Я заглянул в окно инспектора Рязанцева, — белая ночь сверкает в зеркале пустой квартиры. Уехали…
Пересекая запахи хлебопекарни, остановились…
Я подошел к окну, просительно соединив ладони. Там засмеялись и вытолкнули нам буханку хлеба с затеками печного жара на хрустящей корке.
Только хлеб можно есть в темноте, под стогом сена. Яйцо — нельзя и яблоко — нельзя, в нем прячется червяк.
Подождали, пока он остынет. Поели хлеба и запили из колонки, ловя губами жесткую струю, такую сильную, что на губах осталась боль, как от удара, но холод исцелил.
— А что не доедим, то птицам отдадим! — Сейчас придумалось.
Я положил остатки на бревно и вообще я не молюсь траве, ведь хлеб — это трава.
Дошли до леспромхоза. Сторож вспомнил — «ты подарил мне сигаретки» и открыл контору.
В углу лежали лозунги, натянутые в деревянных рамах.
— А вот и раскладушки!
Устроившись на лозунге — Мир! Май! Труд! — я накрылся ватником. Из форточки тянуло винным запахом опилок, сырой коры.
Нет одежды удобнее ватника. Он ничего не весит, в нем тепло, легко, движения не стеснены, он дышит, он — быстро высыхает у костра, он — вещь почти одушевленная, поэтому местоимение «он» кажется мне уместным, к тому же наши пиджаки, рубахи, висящие на стуле, запечатляют наши настроения… Бывает, рукава висят как у подранка, встаешь, превозмогая сон и поправляешь их, чтобы летали!
Правда, обычный ватник из хб напоминает о лесоповалах и колючей проволоке, но дорогая шляпа из велюра и свежий воротник рубахи придают естественный изыск паломнику воды со спиннингом и золотой блесной с клеймом пробирного контроля.
В ненастье ватник идеально сочетается с непромокаемым дождевиком из невесомой ткани. Увидишь на мгновение себя в реке и, улыбаясь, вспомнишь: «пурпурная мантия кардинала была возмущена власяницей бедного иезуита». О, эти книги детства! Они как брошенные рудники, в которых торопливые старатели оставили гораздо больше, чем нашли.

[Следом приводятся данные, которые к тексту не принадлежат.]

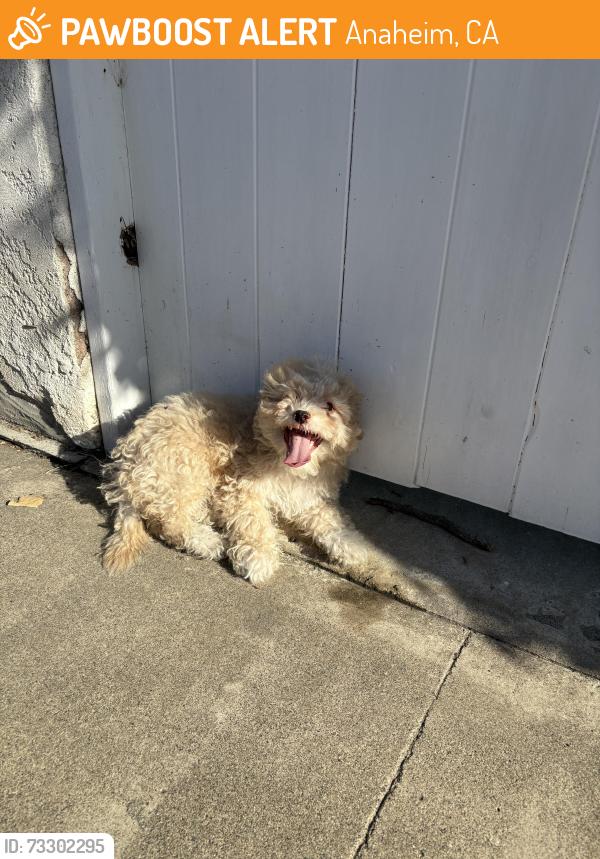 Found/Stray Male Dog last seen Wilhelmina, Anaheim, CA 92805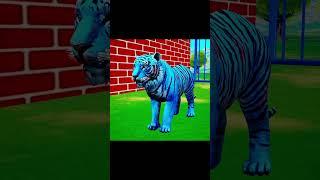 Choose The Right Key With Tiger #shorts #animalgame #funny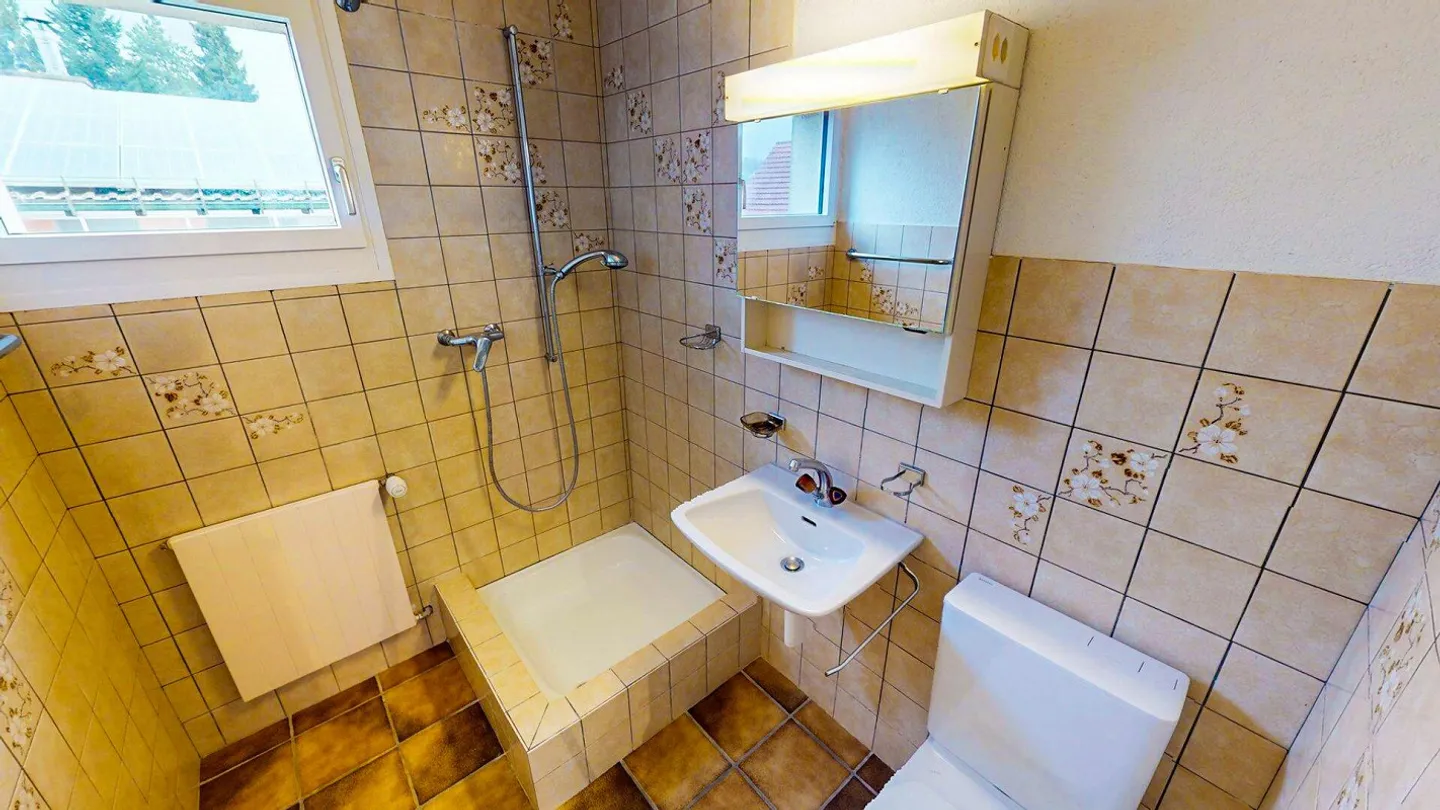 Spacious 5.5 Room Single-Family House with Hobby Room - Photo 17 of 29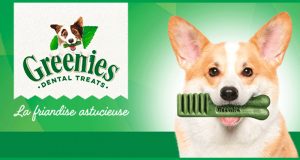 Échantillon gratuits Greenies Petite pour chien de 8 à 11kg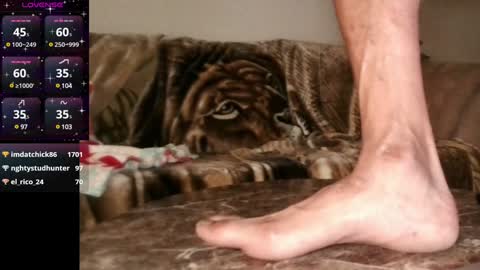 Mr. Good and Ms. Plenty online show from December 9, 6:55 am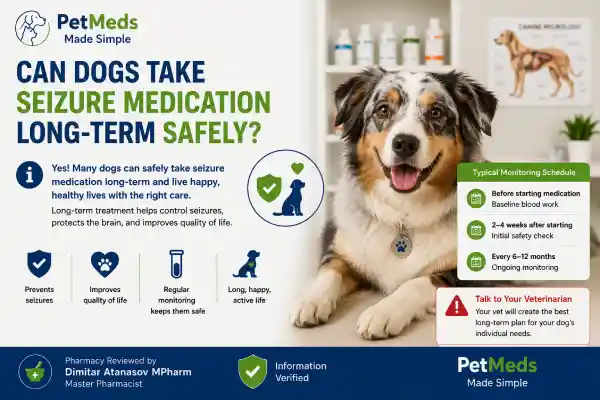 Can Dogs Take Seizure Medication Long-Term Safely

Утром купили десять килограммов серой соли крупного помола, канистру керосина, сто коробок спичек и пряников, засохших, как ракушечник в каменоломнях Рима. Когда рассчитывался, посмотрел на деньги с удивлением, как будто я их не узнал.
Теперь у нас все есть. И ветер тоже…
Два рыболова мрачно наблюдали, как мы садимся в лодку. Один поймал мой взгляд и покрутил корявым пальцем возле головы.
Метровая волна в открытом море может захлестнуть пластмассовую лодку и затопить в одно мгновение. Мы шли на двух моторах в километре от берега, ближе нельзя, волнение воды опасно тем, что ты не видишь камни. Пробковый пояс не поможет. Холод парализует мозг. Руки и ноги выключаются примерно через три минуты, от силы через пять.